Coming up Roses

Here's wishing you the joy of island living, no matter where you call home. And that all your unexpected challenges come up roses — on or off the stem.


By Diane Haynes Woodburn

Diane Haynes WoodburnI  awake to a gorgeous Saturday morning. The aroma of blueberry pancakes wafts up the stairs to my cocoon of a bed — but it isn’t until I hear the hum of the cappuccino maker that I am truly enticed to join the living. Downstairs, I find my husband, Jamie, flipping the last of the pancakes. “Let’s eat outside,” I suggest. We grab our plates and settle at the little table on our lanai.

A nanosecond later, I leap to my feet.

“Oh, no!” I cry. “My roses!” Instead of smiling serenely from their cozy beds, my once-lovely roses lie strewn across the yard, à la confetti.

It’s been a rough year for roses in Kula — too much rain, too much heat, too much weird weather altogether. But I had persevered, coddling those high-maintenance beauties through it all. I weeded, pruned, and fed them. I even bled for the thorny little tramps. To add insult to injury, I’m allergic to those thorns; every scratch swells and stings, leaving scars. It’s truly a love/hate relationship. I hate the beating I take, but I love the gorgeous, rich blooms. And I wait for their flirtation with the sun, showing just a bit more of their jeweled colors each day. Golden yellow, sensuous fuchsia, tropical orange, creamy white, and yes, blood red — I welcome their deceptively sweet faces as a parent welcomes a prodigal daughter.

Now, surveying the carnage, I realize that my pair of one-year-old Australian Shepherds had seen them as something else: edible landscape.

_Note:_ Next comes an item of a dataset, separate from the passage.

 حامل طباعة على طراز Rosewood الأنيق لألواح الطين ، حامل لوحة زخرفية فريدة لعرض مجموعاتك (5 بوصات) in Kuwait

Making paradise your home — and your home paradise — has its challenges, but also its joys. In this issue of Maui No Ka ‘Oi, we focus on both. From giving your home a Hawaiian sense of place, to protecting it from the elements (think wind, salt spray, and things that chew wood in the night), to the latest real-estate trends, our special “Island Living” edition is filled with useful information to make residing on Maui as cool and easy as a tropical breeze.

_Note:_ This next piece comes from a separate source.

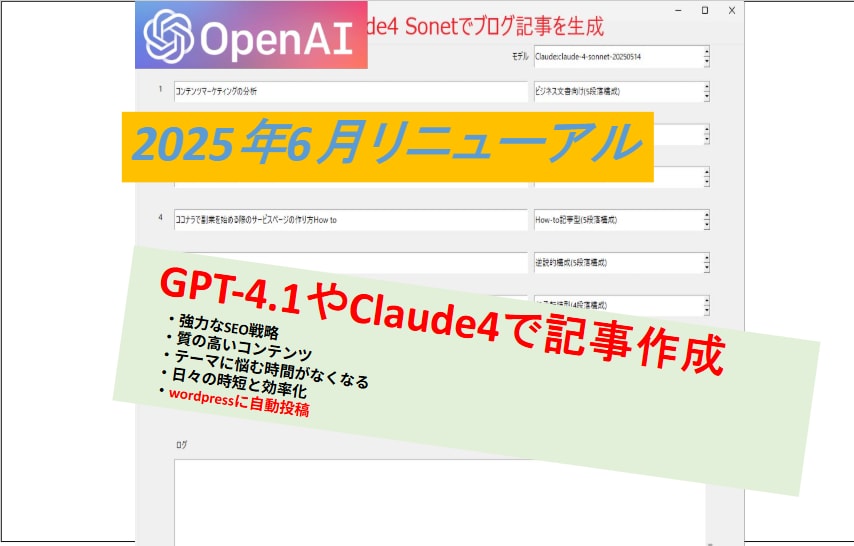 GPT4.1組み込みブログ記事作成ツール販売します 自動投稿機能でらくらく投稿！！claud4対応済み イメージ1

If you’d rather engage the elements of adventure, join the crew of Hawaiian Paddle Sports for a truly edgy (as in “hang on for dear life”) surfing experience — riding the outrigger of a canoe. Or (easier) float your boat with a mai tai from the crowd-pleasing mixologists at Monkeypod Kitchen. Try the ceviche recipe from Joe’s Nuevo Latino that hooked the judges at the 2015 Kapalua Wine & Food Festival, and wow your friends. And while we’re talkin’ food, check out Becky’s Backyard; our dining editor shares expert advice on creating an edible garden that won’t make you cry.

“There’s nothing you can do now,” Jamie says, shaking his head at the damage. “Let’s go to the farmers’ market. We’ll deal with this when we come back.”

Dazed (I’ve had only one cup of coffee), I accept his sensible offer.

The Upcountry Farmers Market is our Saturday place of worship. We go religiously to buy fresh produce and baked goods, and discover homemade foods and products clever Maui folks peddle to happy devotees. I give my rose woes up to the myriad colorful and welcoming booths offering coconuts, papayas, supergreens, flowers, vegetables, fudges, creamy goat-milk caramel, GMO-free everything, and too many other options to mention. And people, relying on one another to do the most with what we have on a small island.

Returning home, I find two happy pups wrestling on a bed of rose pedals. How can that be sad? Donning my overalls, a long-sleeved shirt and gardening gloves, I prepare to crawl into the rose beds for damage control. As I carefully bend a knee to what I hope is a thorn-free spot, I find myself thinking once again of our “Island Living” issue. Nowhere, I realize, is the island spirit better illustrated than in caring for the ‘aina (land), and even more importantly, caring for each other.